I opened my Calibre program and imported the ePub file from the Adobe Digital Editions directory into Calibre. I used Calibre to convert the ePub into Mobi, and emailed the Mobi file to my Kindle. The whole process took five minutes, and I was reading the book on my Kindle!

Books that you get from Barnes & Noble, Kobo, and most sellers, (including Amazon), are often DRM protected. This is especially true of books from traditional publishers.

This means that when you try to open the book in a reader for which it was not sold, the warning you see below pops up. You are unable to open the book.

The book I bought from Kobo was DRM protected. Since I paid for the book, and all I wanted was to be able to read it, I opted to remove the DRM.
In order to open the ePub book and convert it to Mobi, Calibre must remove the DRM first. It must have the right plugin installed to do so. Good news is that Calibre and its plugins are all FREE and widely available on the internet.

You can spend money buying the DRM removal tools, but that would be foolish when the best of them are available for FREE as open source apps. DRM can be removed from Nook, Kobo, and Kindle books using these Calibre plugins.
Calibre is also a fantastic reader, organizer, and manager for books. It can organize your books in just about any order you want. It can open dozens of file formats. It can convert from just about any format into another.

If you try to convert from one format to another and you can’t, you can usually find a plugin that will enable you to do the task.

Another great advantage of the app is that you can use it to copy books from your Kindle to the computer or portable drive and vice versa. There are also internet instructions on how to transfer books from Calibre to your iPad.

Calibre is made for Windows, Mac, and Linux! If you are a user of, let’s say Ubuntu, you can download Calibre straight from your Ubuntu apps manager.

You can get a Dropbox account and back up your Calibre library so you can access it from any device. I have my Calibre library also stored in an external drive. You might think that is silly, but you never know what companies like Amazon, Kobo, Barnes & Noble may do in the future.

Your books should be forever yours. I am paranoid about sellers going out of business or denying me the books I paid for, in the future, for whatever reason.

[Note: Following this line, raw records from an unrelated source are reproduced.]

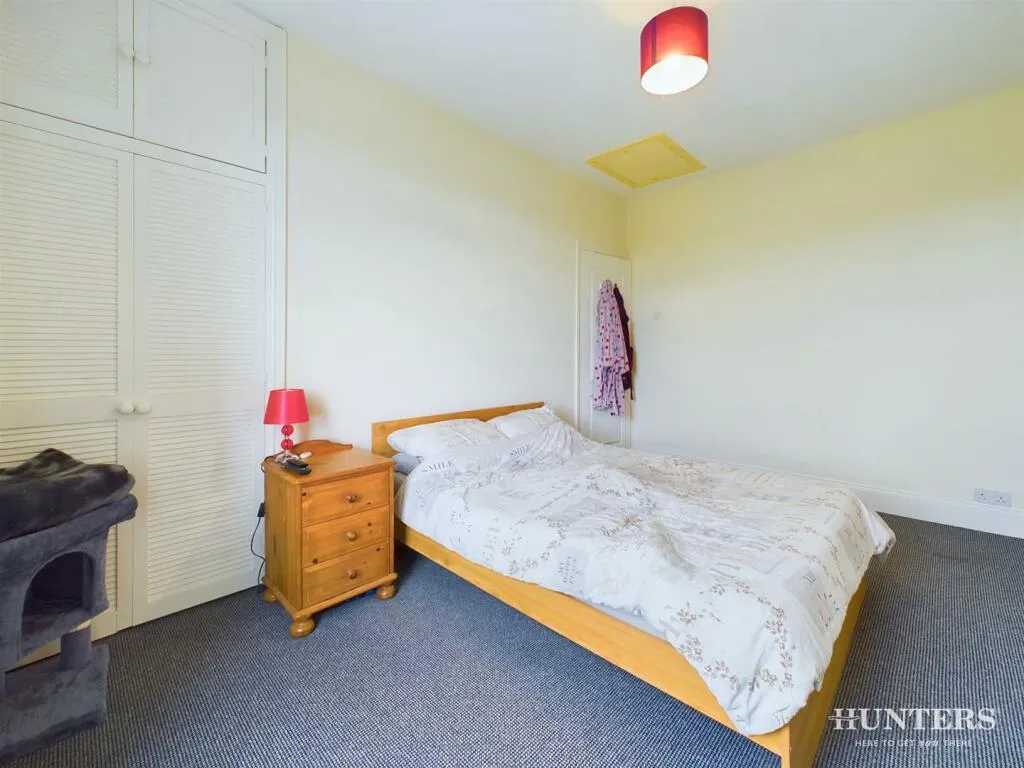 2 bed House
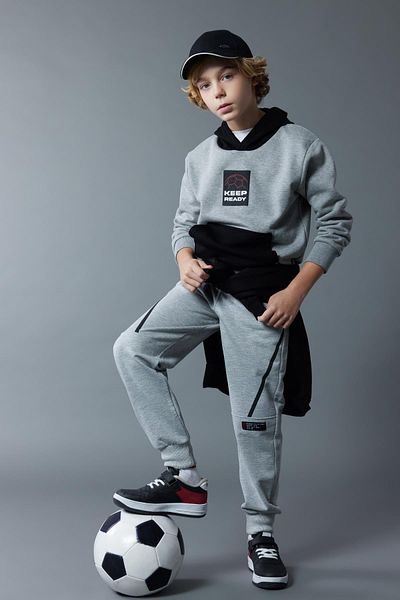DeFacto Thick Leg - Pocketed Boys' Jogger Sweatpants B5941A823Wn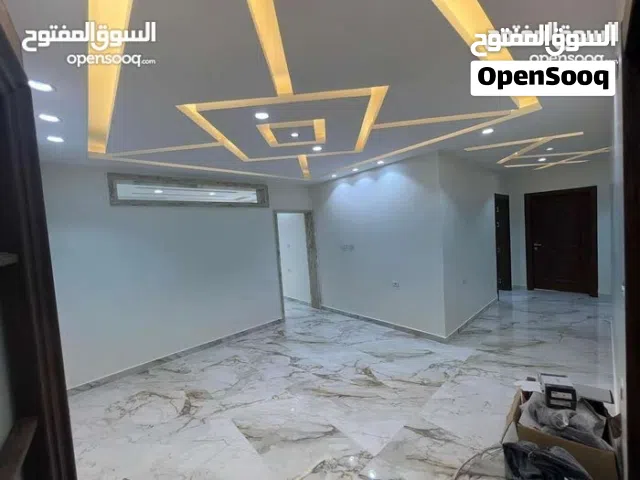 شقة للبيع 180 متر للبيع بسعر ممتاز السراج خلف العربي للتيوتا  دور أرضي  3 غرف  1 صالون ضيوف  3 حماما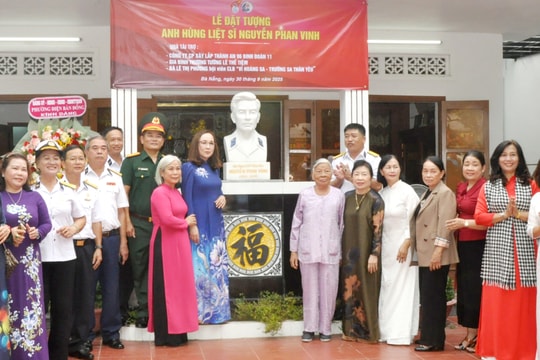 Đặt tượng anh hùng liệt sĩ Nguyễn Phan Vinh tại nhà tưởng niệm ở phường Điện Bàn Đông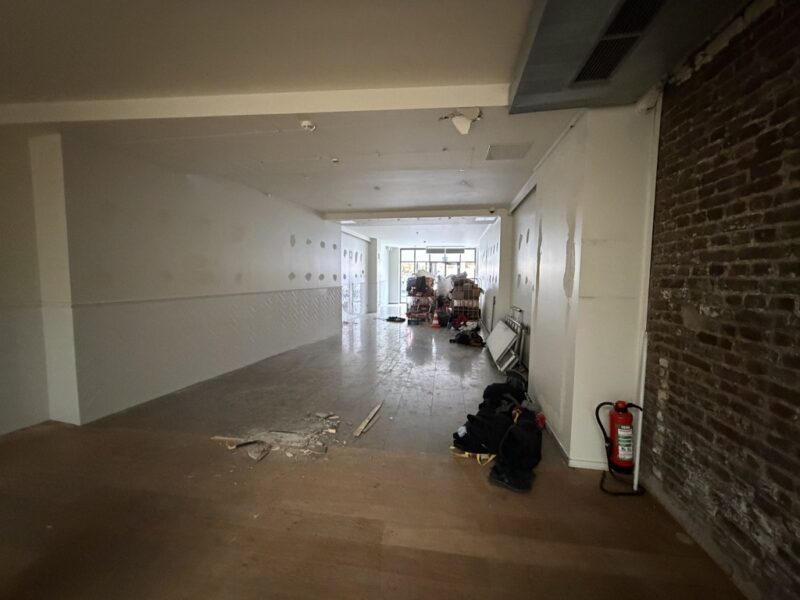 Mey & Edlich Köln: 320 m² Flagship-Sanierung in 4 Tagen 2 Ladenlokal mit Trennwand und Bodenbelägen bei Besichtigung am Montag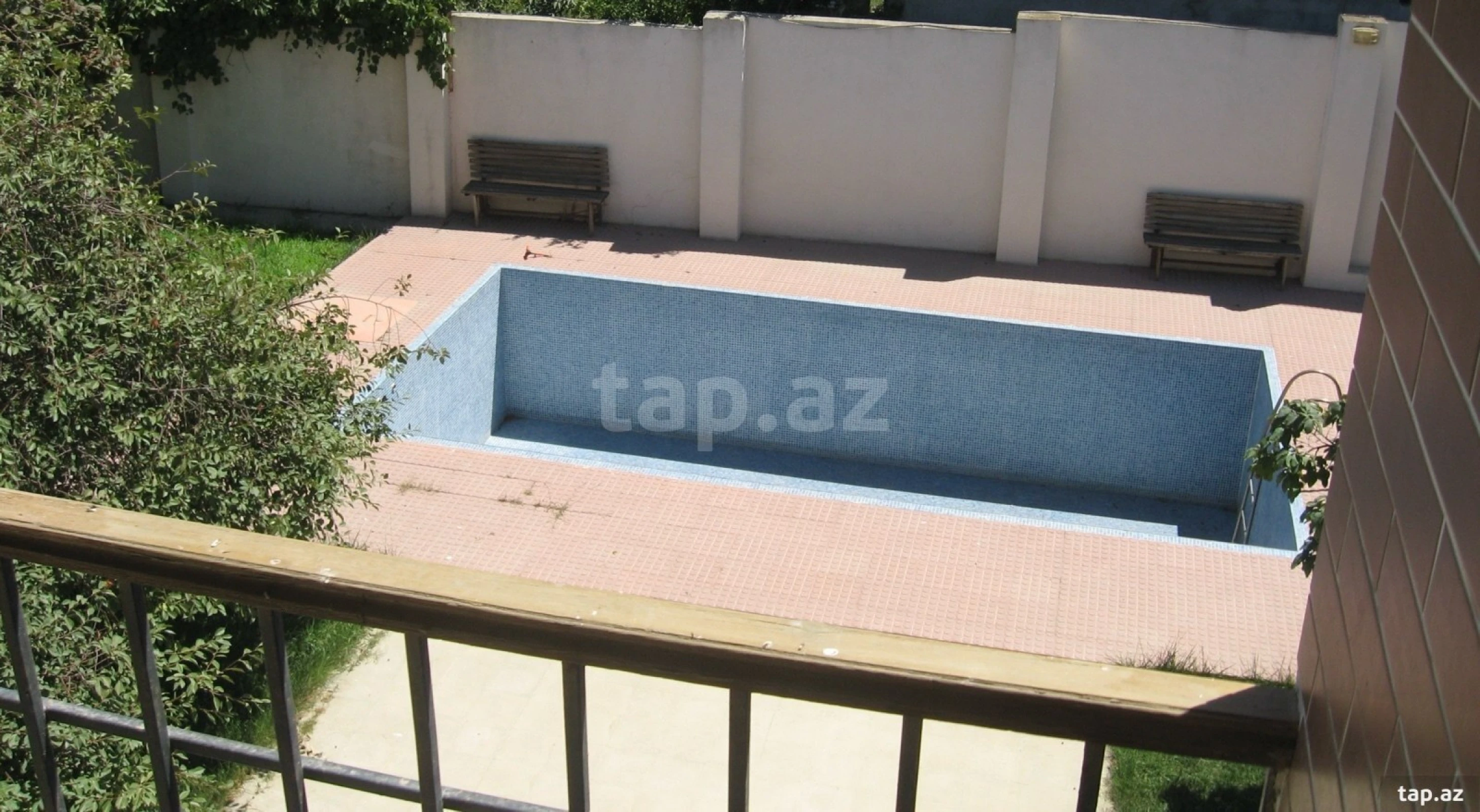 Satılır 6 otaqlı həyət evi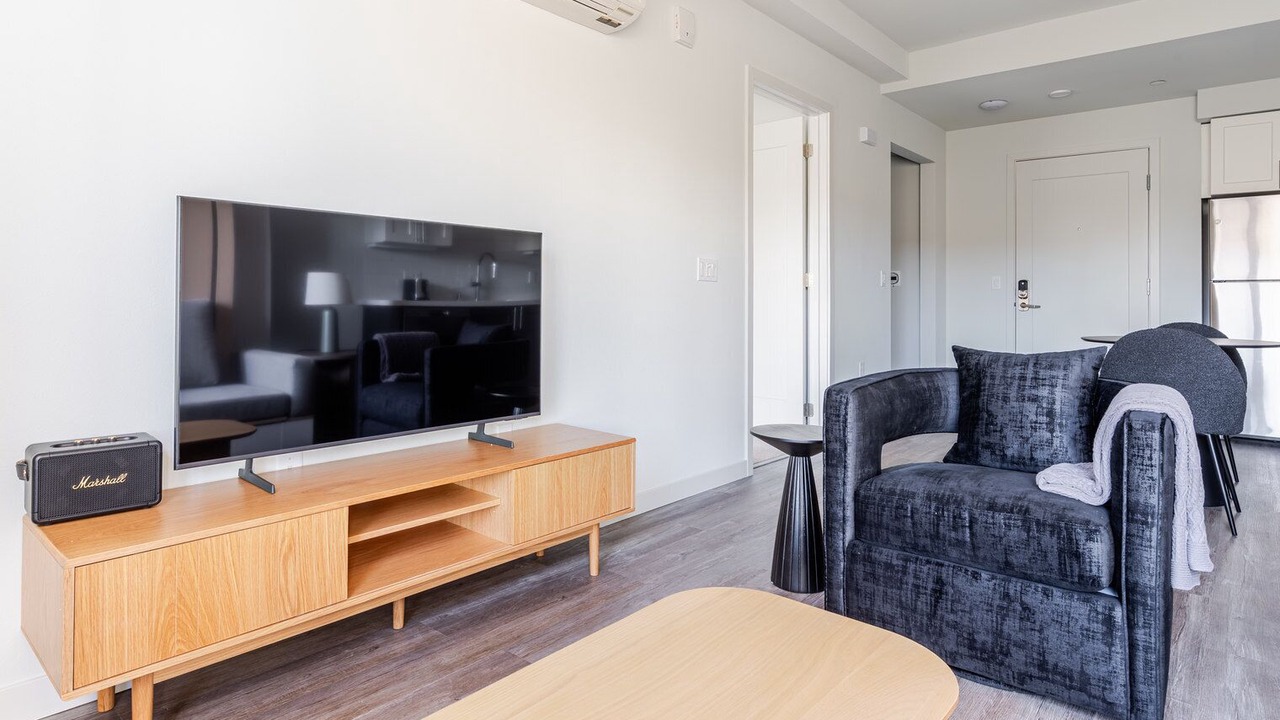 Photo of Livingroom in Downtown Berkeley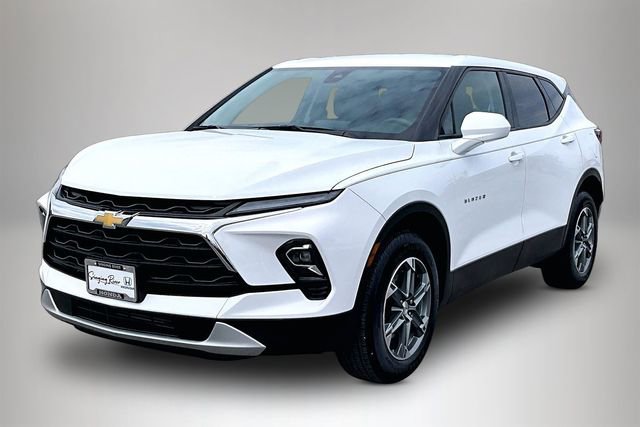 Used 2023 Chevrolet Blazer LT image 2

I have not even touched the tip of the iceberg in terms of what Calibre can do. I honestly can say that it is the most useful tool I can have both as a reader. I could write another post on how useful it is to me as a writer.
No, I do not work for Calibre nor make any money from recommending it.  I benefit from the app and feel every reader should too. It is an Open Source App; this means that it is totally FREEEE!!!!